Читать «Записки Анания Жмуркина» онлайн - страница 167

Сергей Иванович Малашкин

— Спасибо, — поблагодарил младшую Гогельбоген монашек, вздохнул и перекрестился.

— Если он любит ее, то он пойдет в жаркий бой и принесет для нее голову врага, — пояснила Стешенко. — Очень возвышенные стихи.

— Но она, наверно, не любит его, — заявил Прокопочкин и добавил: — Ну конечно не любила… Кто любит, тот не посылает любимого в жаркий бой. Плохие стихи.

Синюков беззвучно рассмеялся. Младшая Гогельбоген смутилась, покраснела и закрыла журнал. Стешенко и Смирнова поглядели друг на друга. Старшая Гогельбоген нахмурилась и шепнула что-то Пшибышевской. Та широко открыла серые глаза и покачала головой, затем встала и направилась к Алексею Ивановичу, села на его табуретку, боком к нам. Наступило неловкое молчание. Никто не ожидал такого убийственного суждения Прокопочкина о стихах, только что прочитанных младшей Гогельбоген. Я остановил взгляд на Стешенко. По ее бледному широкому лицу пошли слабые малиновые пятна. Ее глаза сразу высохли и стали колючими. «Сейчас она высыпет на Прокопочкина много-много едких слов, едких и стрекучих, как крапива», — подумал я. Стешенко поднялась, оправила фартук на впалой, похожей на доску, груди и ничего не сказала: помешали няни, появившиеся с подносами на пороге.

— Служивые, обедать хотите? — спросила громко, веселым голосом, таким, что в палате сразу стало светлее, краснощекая и голубоглазая Таня. — Если не хотите, зараз обратно унесем. Отвечайте скорее!

— Давайте первому мне, — позвал монашек, и его глаза оживились и потемнели. Не вставая, он по краю койки скользнул задом к столику-тумбочке.

— Прокопочкин, мы еще поговорим на эту тему, — сказала резко Стешенко и направилась к двери.

Обе Гогельбоген, Смирнова и Пшибышевская встали и, пожелав нам приятного аппетита, последовали за Стешенко.

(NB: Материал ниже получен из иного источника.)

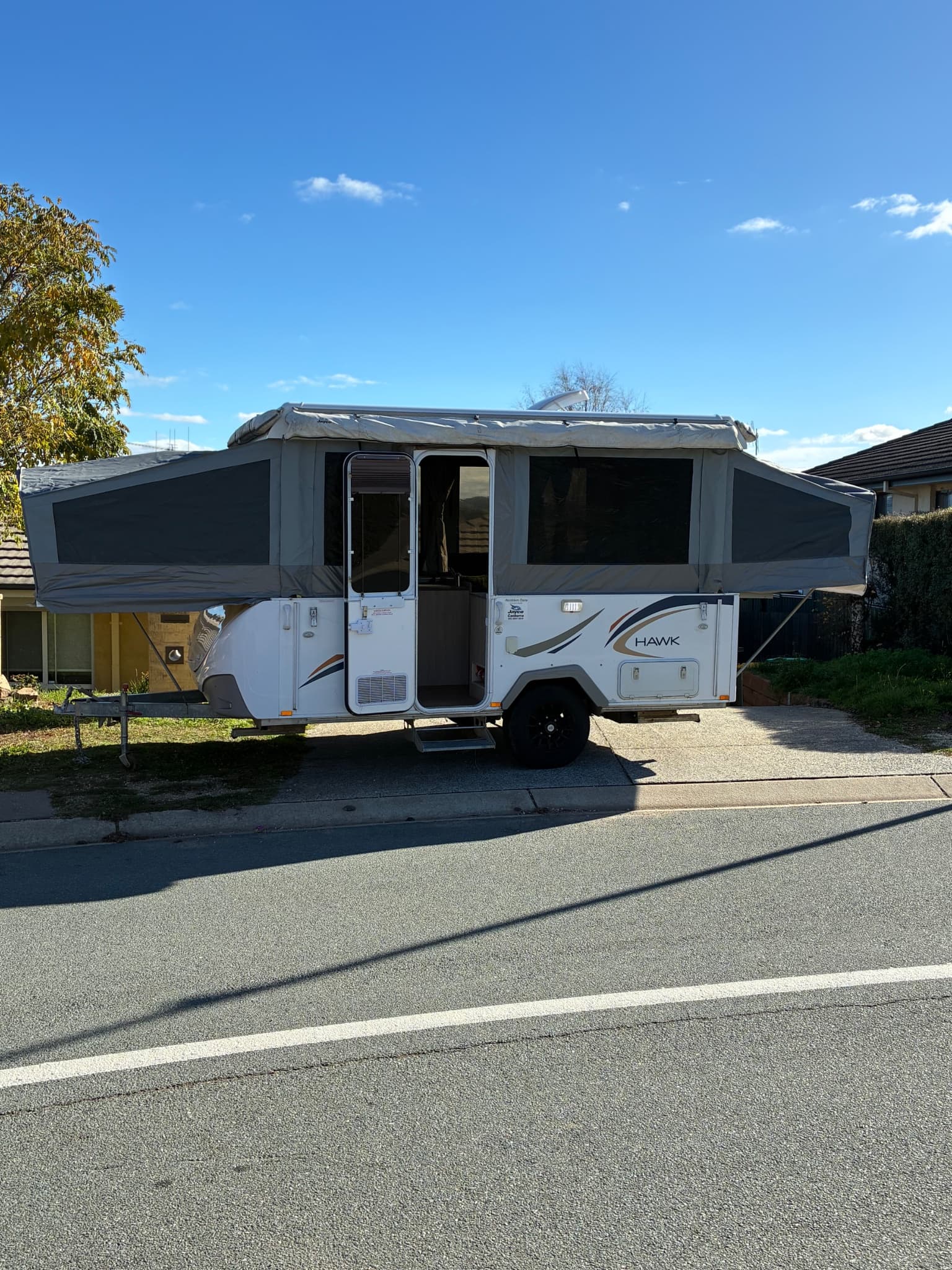 2015 Jayco Hawk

Няни поставили обеды на столики и удалились.

VI

Я не заметил, как кончились две недели моего лежания в лазарете. В первые дни я много страдал от контузии и от раны в руке. Часто находился в бреду и беспамятстве. То я ходил вокруг тучного, в полицейской шапке всадника, которому было некуда ехать — он давно уже приехал; то стоял в каком-то пепельном мраке, из которого беспрерывно выпрыгивали желтые, синие и серо-грязные цветы и тут же, осыпаясь, пропадали, чтобы появиться опять; то я сам проваливался в неподвижный мрак, вскрикивал и приходил в себя. Бредовые приступы чрезвычайно пугали меня. Находясь в их власти, я чувствовал тело мира, его дыхание. Должен сказать, что бред совсем не похож на беспамятство. Бред — это живешь и не живешь, а страх в сердце острее, обнаженнее. Когда я терял сознание, то я и не ощущал болей в моем теле, не чувствовал телом мира, его дыхания. Не чувствовал мира только потому, что не было меня, а раз не было меня, то и не существовало мира, его дыхания. Когда я пожаловался врачу на частые приступы бреда, она пристально, изучающе посмотрела мне в глаза и, немного подумав, твердо сказала:

— Не придумывайте, Жмуркин, чего не надо. Вредно. Вы начали выздоравливать. Глаза у вас молодые, смеются… вот и бредите. — Не выдержав мой недоверчиво-изумленный взгляд, она отвела в сторону глаза, посоветовала: — Ешьте больше… и вы быстро поправитесь. — Женщина-врач повернулась ко мне спиной. Белый халат сидел на ней широко, как саван. Она стала говорить с монашком.